In defeating the Buccaneers — who had won their Super Bowl in Tampa as the first team to ever play a Super Bowl home game — behind Stafford’s four touchdown passes in a 34-24 victory, the early verdict was in: Trading away Jared Goff, as well as a slew of choice draft picks over three seasons, was worth every penny for the Rams, who found the missing piece to a championship puzzle in the veteran quarterback.
The Rams cruising to the NFC West title simply wasn’t in the Cards
But a funny thing happened on the way to their own Super home game this upcoming February at SoFi Stadium. The week after the Rams’ convincing win over the Buccaneers, the Arizona Cardinals brought them crashing back to earth in a 37-20 victory that put Arizona in the lead in the NFC West.
Flash-forward 10 weeks and the Cardinals’ division lead has only grown, now up two games over the Rams with five to play. And thus, the verdict remains out on the success or failure of the Stafford trade.
But the jury is poised to make a final judgment. On Monday night, the Rams travel to Glendale, AZ, for the rematch against the Cardinals with the division, and playoff positioning, on the line.
Mid-season slump left Los Angeles questioning if Matthew Stafford was the answer
The Rams (8-4), who lost three games in a row in the middle of the season, coinciding with the loss of Robert Woods to a season-ending knee injury, have one final chance to make a push for the NFC West title, and it must begin with a victory on Monday night. Otherwise, the Cardinals can claim not only a stranglehold on the division but also a likely No. 1 seed and first-round bye in the NFC Playoffs.
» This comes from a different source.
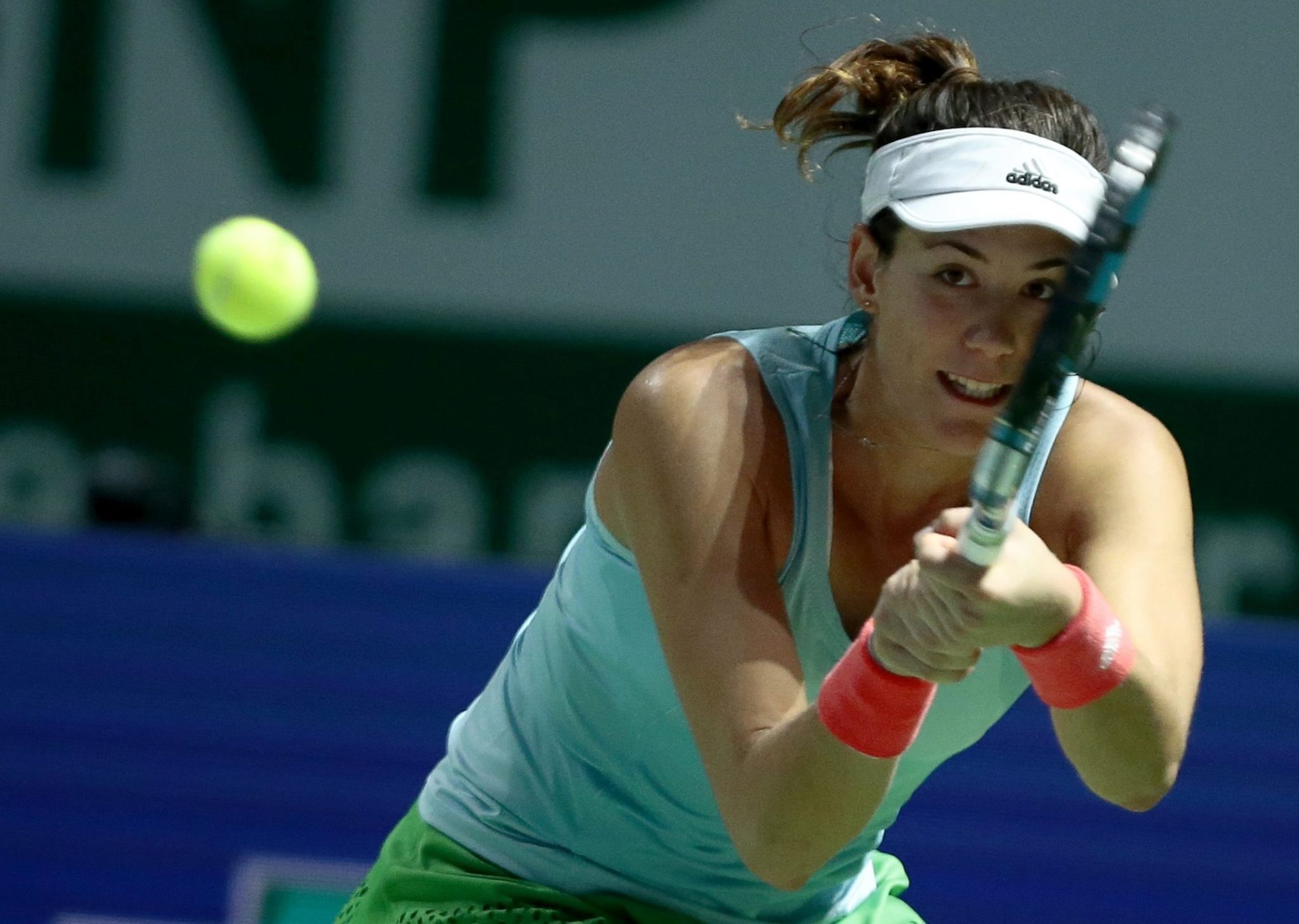Fotografía de garbiñe muguruza-tercer partido-wta finals-singapur-2016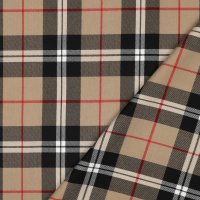Tartan Check 016 Camel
This was hardly the scenario Sean McVay and the Rams envisioned when they made the trade at the end of January, and certainly not in those glory days of September, when their 3-0 start seemed to inform the league that all they needed was the trustworthy signal-caller Goff no longer appeared to be.
Stafford hasn’t been the same since his hot start to the season
But the numbers are telling a different story. In going 3-0, Stafford completed 70.2% of his passes and had nine touchdowns against just one interception.
In the nine games since, the Rams are just 5-4, and Stafford has a 21-8 TD-interception ratio while completing just 65.6% of his passes.
With five weeks to go, the time has not come to hit the panic button in Los Angeles. Stafford looked much more like the quarterback the Rams traded for last week against the Jacksonville Jaguars, completing 26 of 38 passes for 295 yards and three touchdowns without an interception in a 37-7 victory.
But how Stafford performs on Monday night, with all eyes upon him, will give the clearest picture yet of how to judge the success of a trade that once seemed a no-brainer.